New Testament teachings concerning marriage, divorce and remarriage are not confined to consideration of biblical Judaism (e.g., the Gospel of Matthew). The Gospel account by Mark likewise presents our Lord’s marriage instructions to non-Jews—Romans (Mark 10:11-12). The Gospel according to Luke also represents the teaching of Jesus about marriage, divorce and remarriage to a universal, international readership (Luke 16:18). Of course, New Testament epistles also contain marriage instructions (e.g., Ephesians, 1 Corinthians).
In conclusion, in nations with which I am familiar, an engagement or a betrothal to be married is not part of a legal marriage. Therefore, an engagement or a betrothal in those countries may be terminated without violating New Testament biblical instruction about marriage, divorce and remarriage. That scenario may not be true in all contemporary nations, and some countries may have laws comparable to legal requirements governed by first century Judaism. (Though Palestine was under Roman rule in the first century, to an extent, Jews were permitted to govern themselves.)
What’s Wrong with Instrumental
Music in Christian Worship?
Louis Rushmore, Editor
“I don’t see anything wrong with instrumental music in Christian worship, and I like it,” is the sentiment sometimes expressed. Well, I like instrumental music, too, and if God had asked me for my input, I would have recommended it. However, God stipulated, a long time before I or anyone else who has lived in the last nearly 2,000 years was born, precisely how we in the Christian Age are authorized to worship Him musically. Specifically and exclusively, Ephesians 5:19 and Colossians 3:16 authorize “singing.” Note that singing is not only distinguishable from instrumental music, but it is also distinguishable from vocal expressions other than singing (e.g., humming, whistling, extraneous noises, etc.).
The very next verse following Colossians 3:16 pertains to authority in religion. While the passage applies generally to the authority of God’s Word, in its context, Colossians 3:17 applies first to singing being authorized for Christian worship. “16 Let the word of Christ dwell in you richly in all wisdom, teaching and admonishing one another in psalms and hymns and spiritual songs, singing with grace in your hearts to the Lord. 17 And whatever you do in word or deed, do all in the name of [by the authority of] the Lord Jesus, giving thanks to God the Father through Him” (Colossians 3:16-17 NKJV).

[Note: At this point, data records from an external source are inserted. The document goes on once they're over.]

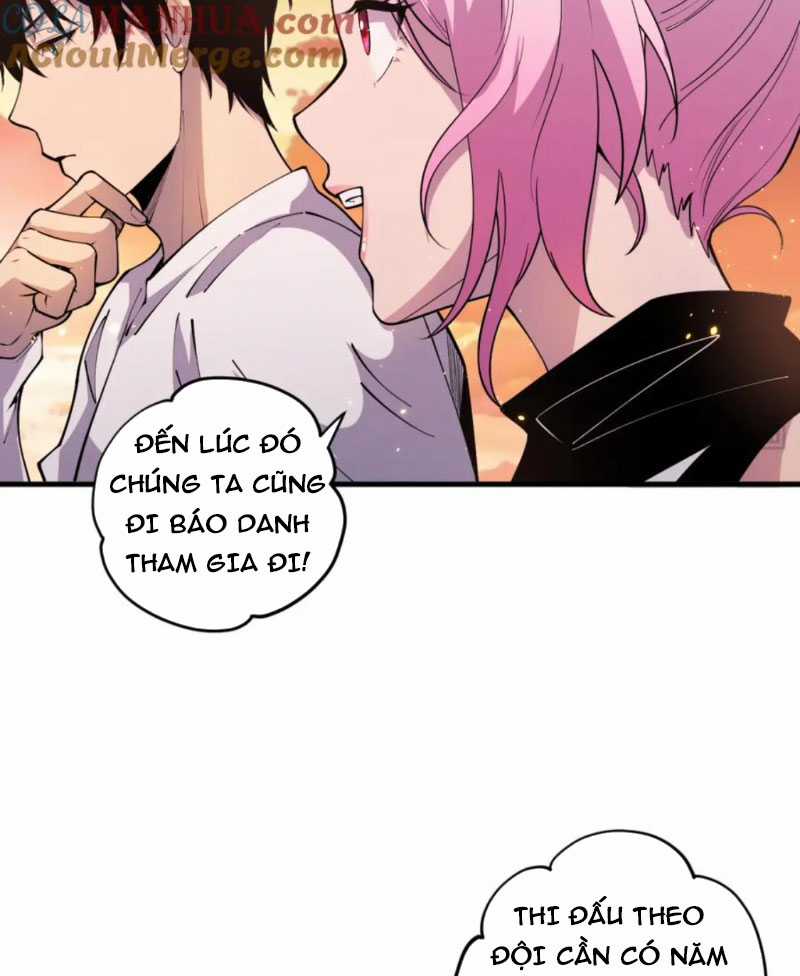 TỬ LINH PHÁP SƯ: TA CHÍNH LÀ THIÊN TAI! Chapter 42 trang 22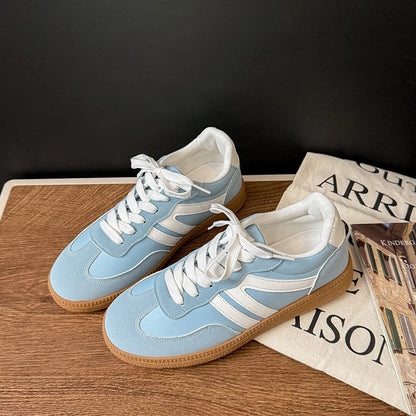 Women’s Casual Slip-On Sneakers – Soft & Lightweight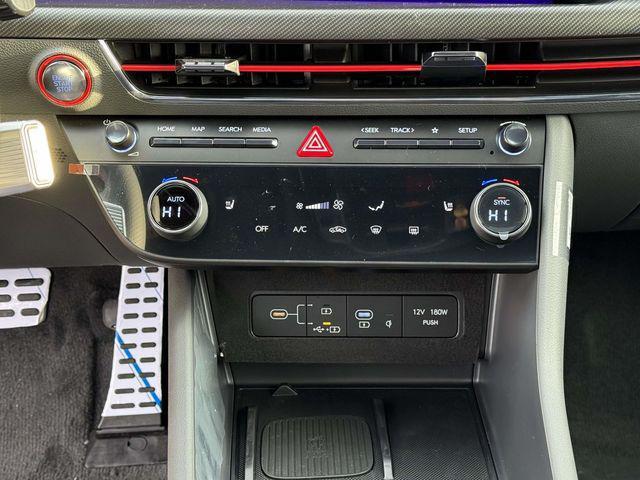 new 2026 Hyundai Sonata car, priced at $35,680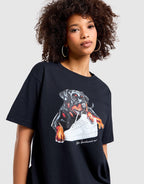 Dog Graphic T-Shirt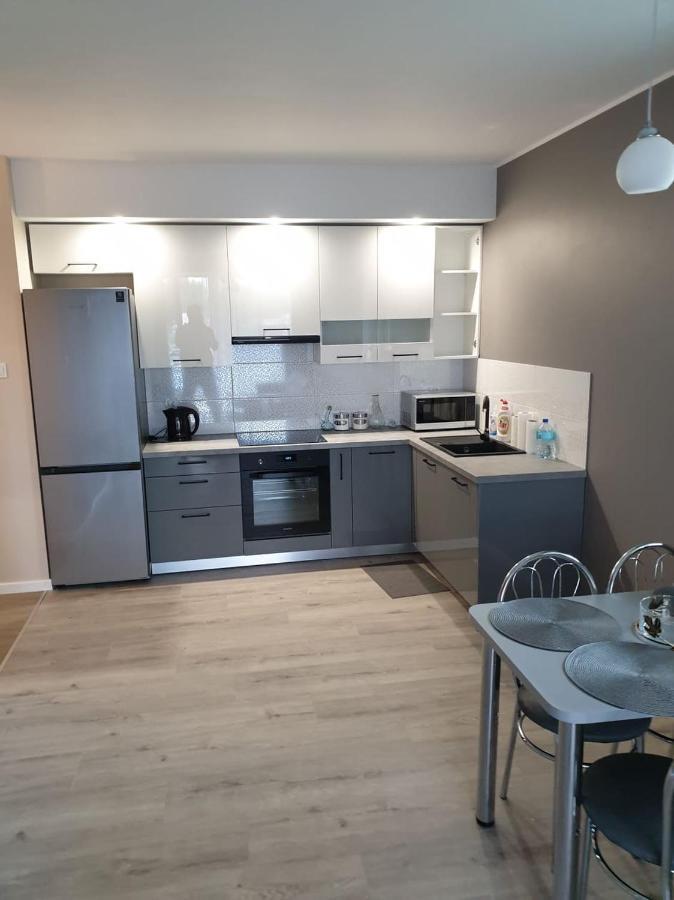 Apartament Sloneczny Taras Kołobrzeg Eksteriør bilde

Some Old Testament Bible characters could have said that they, too, didn’t see anything wrong with doing something in an alternative way to what God stipulated or authorized. For instance, Nadab and Abihu—sons of Aaron and priests themselves—could have reasoned and verbalized, “I don’t see anything wrong with using an alternative fire-source to burn incense with which to worship God.” On that occasion, God reacted miraculously and immediately to demonstrate clearly His displeasure. “Then Nadab and Abihu, the sons of Aaron, each took his censer and put fire in it, put incense on it, and offered profane [“strange” KJV] fire before the Lord, which He had not commanded them. So fire went out from the Lord and devoured them, and they died before the Lord” (Leviticus 10:1-2). God Himself had been the initial source of authorized fire as He sent forth fire to ignite the animal sacrifice (Leviticus 9:24). We read about that just a few verses prior to the event chronicled in Leviticus 10:1-2. Censors were to be ignited with coals from the altar (Leviticus 16:12), rather than from an alternative, unspecified source.
“Not everyone who says to Me, ‘Lord, Lord,’ shall enter the kingdom of heaven, but he who does the will of My Father in heaven. Many will say to Me in that day, ‘Lord, Lord, have we not prophesied in Your name, cast out demons in Your name, and done many wonders in Your name?’ And then I will declare to them, ‘I never knew you; depart from Me, you who practice lawlessness!’” (Matthew 7:21-23). Truly, God said, through the Holy Spirit to the inspired New Testament penmen, what He meant, and as assuredly, He meant what He said! Everything else is “lawlessness.”